Bizler, yani emperyalizmle ve oligarşiyle uzlaşmayanlar
olarak, oligarşi ile mücadele ederken stratejik olarak ondan üstün olmamızın
rehavetine kapılmadan, düşmanın bizden taktik üstünlüğü göz önüne alarak
hareket etmeliyiz. Oligarşi bizden her zaman askeri ve teknik olarak daha fazla
güce sahiptir ve biz iktidarı ele geçirene kadar da bu böyle olacaktır. Silahlı
propagandayı zafere taşıyacak olan bizim askeri anlamdaki gücümüz değil, kitlelerimizin
sahip olduğu moral ve ideolojik güçtür. Silahlı propaganda, kısıtlı imkanlara
rağmen oligarşi ile mücadele edilebileceği ve ona zarar verebileceğini
gösterdiği için kitleler ile oligarşik diktatörlük arasında hasıl olan suni
dengeyi yıkacak temel yöntemdir. Kitleler, PASS başladıktan sonra oligarşiye
indirilen aralıksız darbeler sayesinde halk saflarına çekilmiş olacak ve
öncüsüyle diyalektik bir ilişki halinde moral ve politik bir bütünlük
gösterecektir. Sürekli gelişmeyen bir devrim, gerileyen bir devrimdir ve
savaşçılar morallerini ve inançlarını yitirmeye başlamışlarsa ortada yürütülen
PASS bulunmamaktadır.
PASS ya da kurtuluş savaşı, kural olarak üç aşamaya
sahiptir. Birinci aşama, küçük gücün düşmana küçük darbeler indirdiği stratejik
savunma aşamasıdır; ancak bu savunma, düşmana saldırı yeteneğini içinde
taşımalıdır ve bu saldırı yeteneği sürekli olarak geliştirilmelidir. Bu saldırı
yeteneği, zaman içinde halk güçlerinin katalizör karakterini belirler. Yani PASS,
pasif bir kendini savunma değildir; saldırarak savunmadır. Bu güç, pasif
savunma yapmak için küçük bir çember içine sığmaz, ama onun savunması, gerçekleştirebileceği
sınırlı saldırıdan oluşur. Bundan sonra düşmanın ve gerillanın eylem
olanaklarının dengede olduğu bir aşamaya ulaşır. Ve son aşama, büyük kentlerin
ele geçirilmesine, büyük çaplı kesin sonuçlu çarpışmalara ve sonuçta düşmanın
topyekün imhasına götürecek olan baskı ordusunun kuşatılması aşamasıdır.

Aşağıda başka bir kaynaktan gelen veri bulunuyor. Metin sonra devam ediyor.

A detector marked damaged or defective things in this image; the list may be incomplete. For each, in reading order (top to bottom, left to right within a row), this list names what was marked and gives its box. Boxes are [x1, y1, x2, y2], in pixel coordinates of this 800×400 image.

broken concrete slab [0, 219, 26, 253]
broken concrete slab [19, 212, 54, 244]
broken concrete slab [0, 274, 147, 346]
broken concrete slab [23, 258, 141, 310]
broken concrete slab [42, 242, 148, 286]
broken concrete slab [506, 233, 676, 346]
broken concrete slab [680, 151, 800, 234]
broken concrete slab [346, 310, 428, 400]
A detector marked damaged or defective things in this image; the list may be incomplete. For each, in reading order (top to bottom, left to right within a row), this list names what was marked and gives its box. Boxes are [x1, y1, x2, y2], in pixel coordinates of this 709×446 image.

PASS yürütülürken mücadelenin bir unsuru olarak düşmana
karşı hissettiğimiz kin, bizim zafer kazanmamızda kilit rol oynayacaktır.

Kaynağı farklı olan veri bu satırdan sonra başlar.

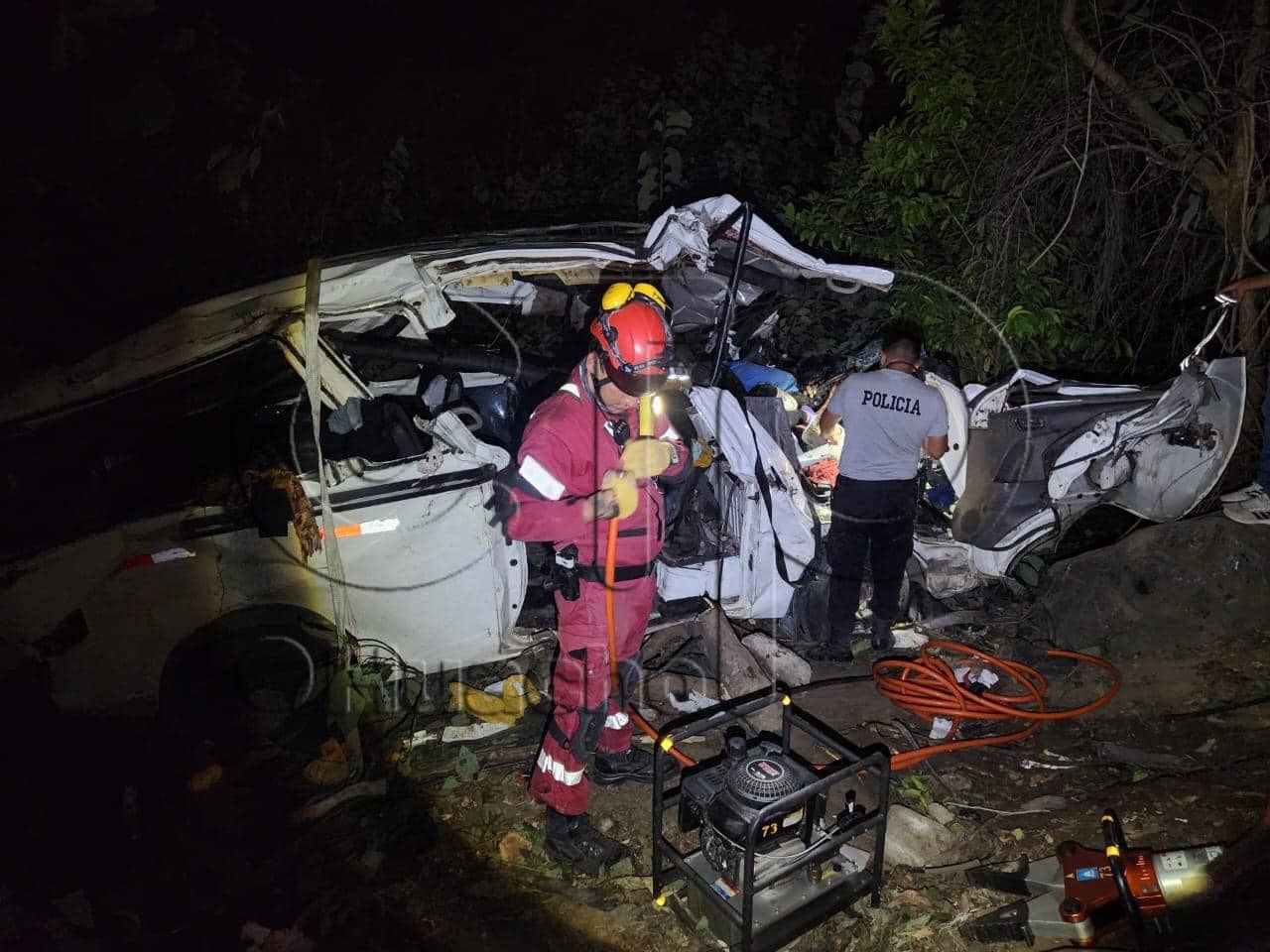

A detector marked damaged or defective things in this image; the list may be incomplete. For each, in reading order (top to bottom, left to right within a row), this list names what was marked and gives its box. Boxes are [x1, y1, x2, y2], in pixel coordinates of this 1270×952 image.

wrecked white van [0, 197, 889, 710]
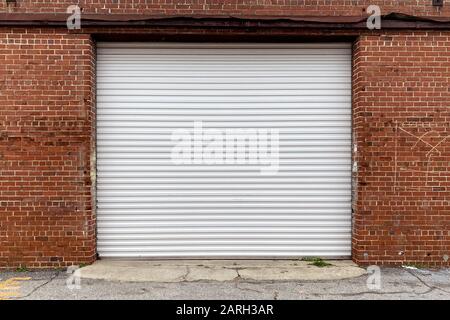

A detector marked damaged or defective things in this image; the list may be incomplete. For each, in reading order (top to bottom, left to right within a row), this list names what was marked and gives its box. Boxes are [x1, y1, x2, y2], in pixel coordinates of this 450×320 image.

damaged brick section [0, 29, 96, 268]
cracked asphalt pavement [0, 268, 448, 300]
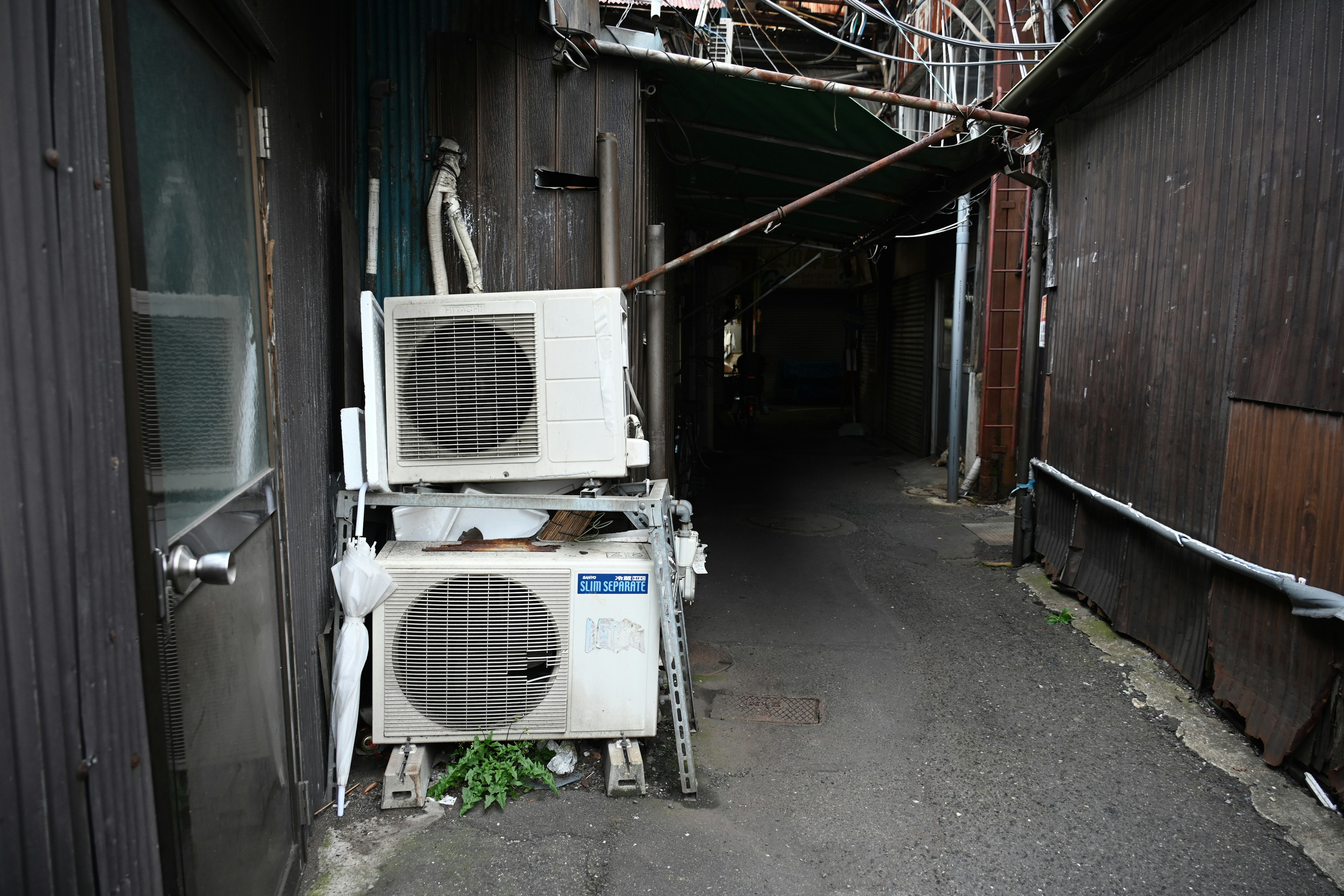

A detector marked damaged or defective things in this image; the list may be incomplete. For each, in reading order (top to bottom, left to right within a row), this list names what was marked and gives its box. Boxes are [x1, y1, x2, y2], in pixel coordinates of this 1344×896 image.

Düşmanın “doğal olarak” bize karşı duyduğu acımasız kin, bizi insanın doğal
sınırlarını aşan ve onun ötesine geçen, insanı etkin, şiddetli, seçici ve soğuk
bir ölüm makinesine dönüştürmeye zorlayacaktır. PASS yapan savaşçıların böyle
olması gerekmektedir. Aksi takdirde hezimet kaçınılmazdır. Hatice Aşık’ın son
mermisine kadar savaşıp sonrasında teslim olmayarak düşmana taş atması PASS’in
muhteşem bir uygulaması olurken, uzlaşmacı solun bu eylem sonrasında yaptığı açıklamalarının
ne kadar karşı devrimci olduğunu bir kez daha hatırlarken kimin “Bolşevik”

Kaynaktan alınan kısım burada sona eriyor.